Nice find. Seeing so many C5's for stupid low prices but never with so little miles.

Sensors...These things die - seller may have cleared codes before shipping so you may not get any errors right off the bat. Coolant temp sensor, abs, oil, parktronic etc. may surface after a short time - worth having a look. Most of them are reasonably inexpensive parts that cause an unreasonable amount of drama. 

Also, battery compartment drain can become clogged, seeping water into the interior passenger foot well.

My C5 A6 has an occasional but tiny water leak that shows up in the plastic upper center console that houses the dome lights and OnStar button. I believe it's due to the "drip rails" that run front to rear on either side of the roof. A less likely cause is clogged sun roof drains.

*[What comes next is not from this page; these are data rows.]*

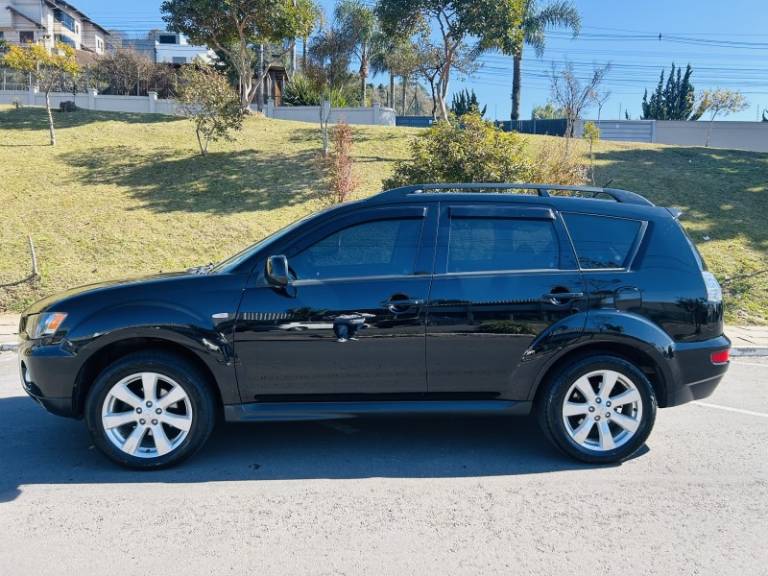 MITSUBISHI - OUTLANDER - 2011/2011 - Preta - R$ 62.900,00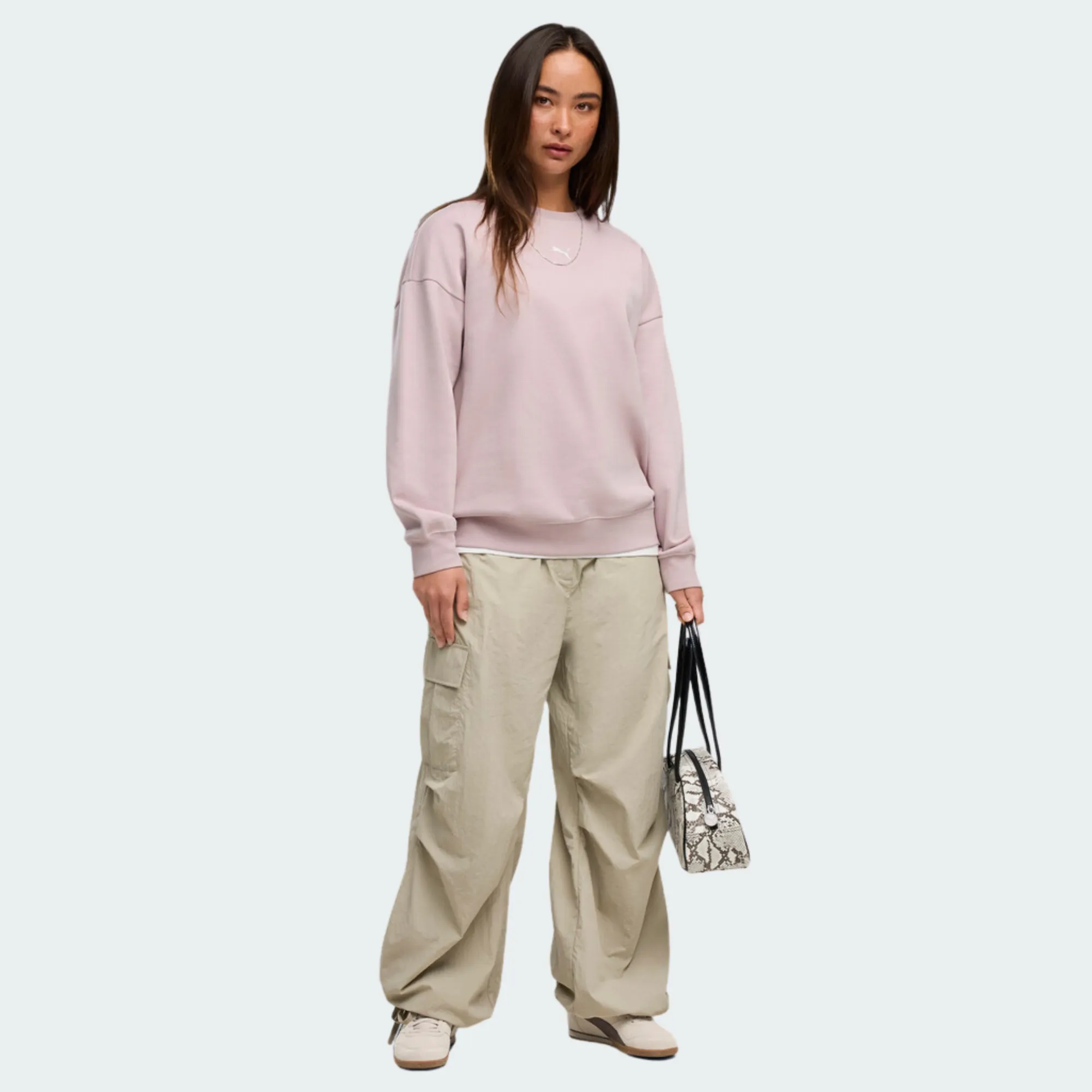 PUMA ESSENTIALS PUMA LOGO OVERSIZED CREW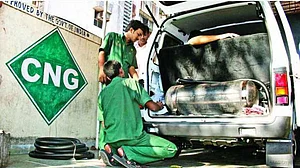 महंगाई की चौतरफा मार! CNG फिर हुई महंगी, हफ्तेभर में 9.60 रुपये की बढ़ोतरी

Other than that I can only think of the more obvious stuff:

+ Make sure brake rotors aren't warped (no shuttering or buffeting under heavy braking).
+ Make sure timing belt, tensioner, water pump have been done _correctly_ and recently. If not do it sooner than later.
+ Check for "pixelation" in center gauge cluster display. Missing or faulty pixels = potential electronic problems
+ Secondary air pump (SAIP) goes bad more often than not. It makes an annoying whining/jet turbine sound during startup.
+ Not sure if coil packs went on the 3.0 like do on the 2.7T's...Somebody correct me if I'm wrong but these can be replaced free of charge under an open recall. It was done on my 2.7. This and Improper spark plug installation can cause dramatic engine misfires.

Thats all I got for now.


----------



## Craigbec (Dec 8, 2008)

Well it sure looks like a good buy. Nice car. Get it home yet???


----------